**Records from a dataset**
============
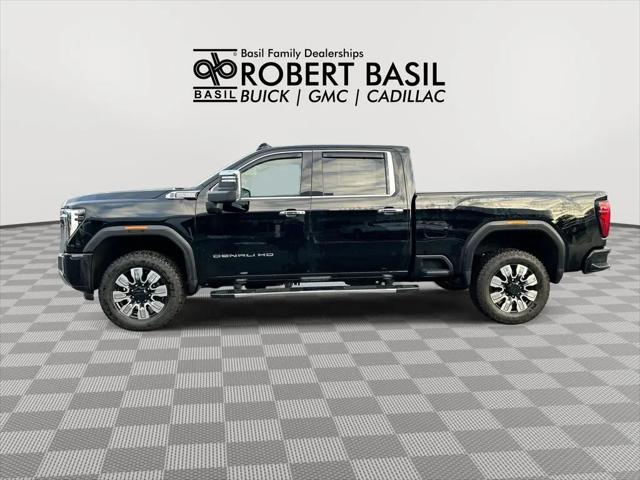 2025 GMC Sierra 2500HD 4WD Crew Cab Standard Bed Denali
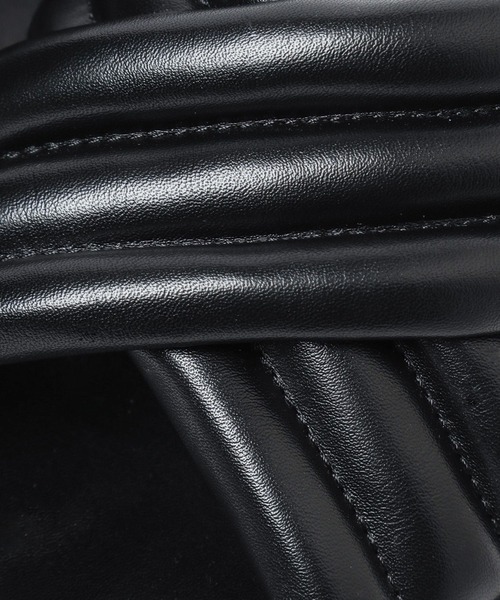 LEPSIM(レプシィム)の「パデットスライドサンダル 118532(サンダル・レディース・オレンジ/シルバー/アイボリー/ブラック・MEDIUM/LARGE)」の16枚目の写真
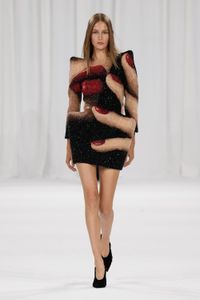 Défilé Balmain Prêt à porter Printemps-Eté 2025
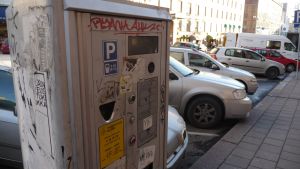 Biljettautomaterna dök up på 1980-talet. På 2010-talet finns det både kort- och slantautomater. Bilar parkerade vid en p-automat.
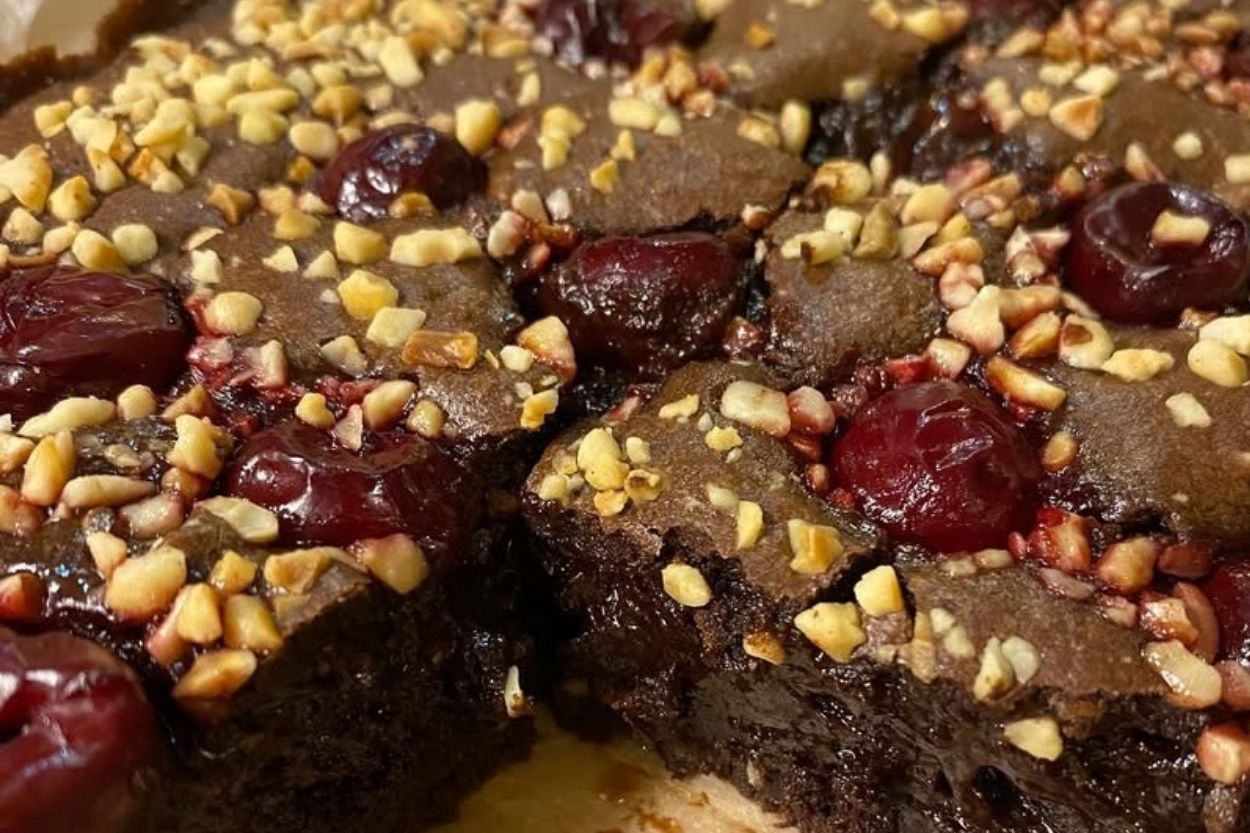 Vişneli Fındık Parçalı Brownie Tarifi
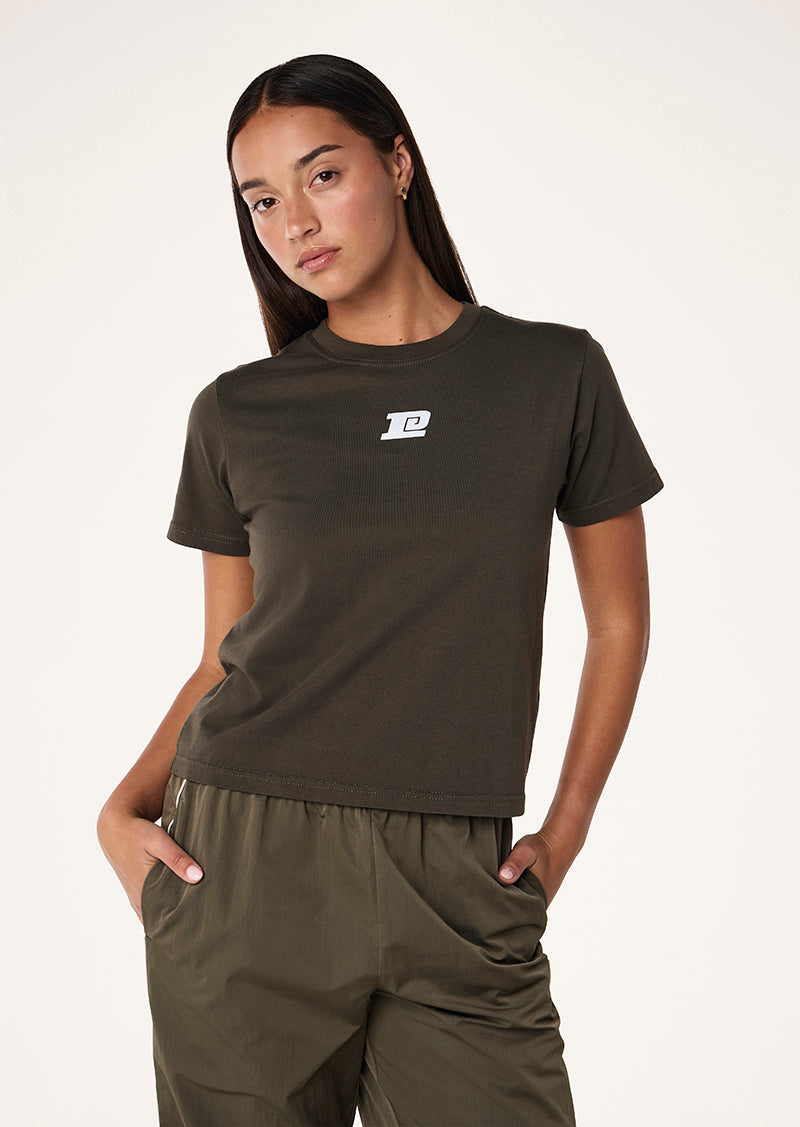 SHORELINE TEE IN WASHED TARMAC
============
**ACTIVITY**
Only what runs from the line holding "Biljettautomaterna dök up" through the end of the entries above is to be given again, exactly, with every picture omitted.

**RESPONSE TO THE EXERCISE**
 Biljettautomaterna dök up på 1980-talet. På 2010-talet finns det både kort- och slantautomater. Bilar parkerade vid en p-automat.
 Vişneli Fındık Parçalı Brownie Tarifi
 SHORELINE TEE IN WASHED TARMAC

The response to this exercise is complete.